(SUPPLIED INFORMATION begins)

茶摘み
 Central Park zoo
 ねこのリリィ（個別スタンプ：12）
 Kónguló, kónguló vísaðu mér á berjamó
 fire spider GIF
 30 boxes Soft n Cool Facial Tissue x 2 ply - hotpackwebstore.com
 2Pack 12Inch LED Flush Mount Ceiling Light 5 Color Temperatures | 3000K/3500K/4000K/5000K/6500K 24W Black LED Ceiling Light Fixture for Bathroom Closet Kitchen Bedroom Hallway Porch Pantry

(SUPPLIED INFORMATION ends)

*ABOUT THIS TASK*: Reproduce the material word for word. Leave nothing out.

*RESULT OF THIS EXERCISE*:
茶摘み
 Central Park zoo
 ねこのリリィ（個別スタンプ：12）
 Kónguló, kónguló vísaðu mér á berjamó
 fire spider GIF
 30 boxes Soft n Cool Facial Tissue x 2 ply - hotpackwebstore.com
 2Pack 12Inch LED Flush Mount Ceiling Light 5 Color Temperatures | 3000K/3500K/4000K/5000K/6500K 24W Black LED Ceiling Light Fixture for Bathroom Closet Kitchen Bedroom Hallway Porch Pantry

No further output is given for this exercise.